A. Samsung's Semiconductor Development

Korea's semiconductor industry took its first steps in the mid-1960s, when several semiconductor firms began assembling discrete devices in Korea to take advantage of cheap labour costs. The main operations were simple packaging processes. After a six-year plan formulated by the Korean government in 1975, many 'Chaebol', the Korean version of Japanese 'Zaibatsu', were enthusiastic about entering the semiconductor industry, but most of them withdrew plans because they faced two difficulties. One was obtaining foreign technology and the other market risk associated with short product life cycles. But Samsung Semiconductor continued to put its efforts into developing a memory chip set. Finally, in 1983 the company successfully developed the 64K DRAM (Dynamic Random Access Memory) chip, making Korea only the third country in the world to produce DRAM chips after the U.S. and Japan. More importantly, it motivated the entry of other Korean Chaebol into the semiconductor industry.

Today Samsung Semiconductor is one of the world's-leading computer chipmakers. In the ten years starting from 1983, when they developed the 64K DRAM memory chipset, they have become the market-leader. Table 1 shows Samsung Semiconductor's position in the world market share rankings from 1988 to 1992. After the DRAM success, Samsung Semiconductor became capable of producing many other microchips. Afterwards, the company achieved significant success throughout the semiconductor industry. In July 2002, IC Insights Inc ranked Samsung as the 2nd largest semiconductor supplier worldwide for the first half of 2002.

A key strand of this research is aimed at understanding the factors that lie behind this success. Appendix 1 demonstrates Samsung's semiconductor development path.

B. Samsung's TFT-LCD Development

At the end of 1989 when Samsung entered the TFT-LCD industry, a group of Japanese companies dominated the market with more than 90 percent of the world market share. Given the tremendous technical difficulties Samsung also needed to resolve, there were serious doubts as to the viability of Samsung's LCD business. Nevertheless, by 1996 Samsung LCD gained the top global market share, and held onto that position for six consecutive years. Many Korean companies also joined the industry after observing Samsung's success, and some of them achieved a similar level of success. Appendix 2 illustrates Samsung's TFT-LCD evolution path.

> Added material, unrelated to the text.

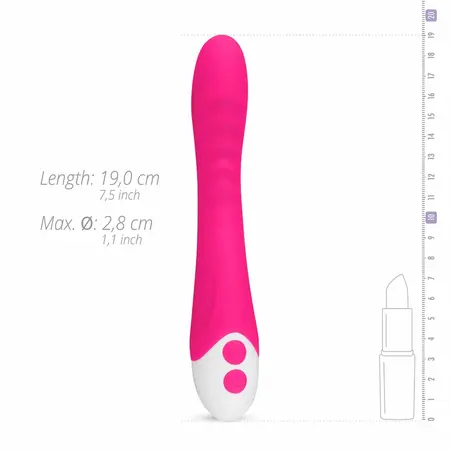 EasyToys Lunar Vibe Intimna Mašina Roze - 10 Režima, USB Punjenje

C. Samsung's Mobile Phone Development

The Korean national laboratory, the Electronics and Telecommunications Research Institute (ETRI), took the initial step in developing the Korean mobile phone system when they developed the TDX-10 DS S (Digital Switching System) technology in 1991.

After deliberating the choice of communication standards, the Ministry of Information and Communication (MIC) adopted Qualcomm's CDMA technology, which at the time was only used with modems, not mobile systems. The MIC suggested that ETRI adapt CDMA technology for its DSS-based mobile phones. ETRI embarked on a project in collaboration with the four Chaebol (Samsung, Hyundai, LG, and SK telecom), and in 1995 successfully introduced CDMA technology in mobile systems--the first of its kind in Korea. Before 1998, GSM was considered the universal mobile technology standard given that 95 percent of the world used the GSM system. Since then, CDMA technology has been increasingly adopted as the standard. In 2002, GSM was used in only 70% of mobile systems while CDMA was used in 30%. Many researchers predict that more than 90% of countries worldwide will use the CDMA system as their mobile technology standard within the next 10 years when IMT-2000 system is settled. CDMA technology has now become the base technology of the worldwide standard IMT-2000, giving these Korean companies a head start versus its global competitors.

Samsung Electronics has been particularly successful in expanding its mobile phone business worldwide by selling not only CDMA mobile phone and its server system (DSS), but also GSM and Digital Cellular mobile phone and DSS.. Nokia, Motorola, and Ericsson, called the "Big three" had been holding on to their positions as leaders in the mobile phone industry for the last two decades. In the 4th quarter of 2001, Samsung finally broke through the ranks and became the third largest mobile phone manufacturer in the world. While there were four Korean companies who had joined the project of developing CDMA technology for mobile systems, only Samsung has achieved significant success. What factors led Samsung to achieve this success? How was Samsung's research and development unique? This chapter will illustrate that ETRI's initial efforts in developing the DSS was instrumental in allowing Samsung to adapt CDMA for ETRI's server system and the major factors for change? As the before, the Appendix 3 shows Samsung another successful innovation path.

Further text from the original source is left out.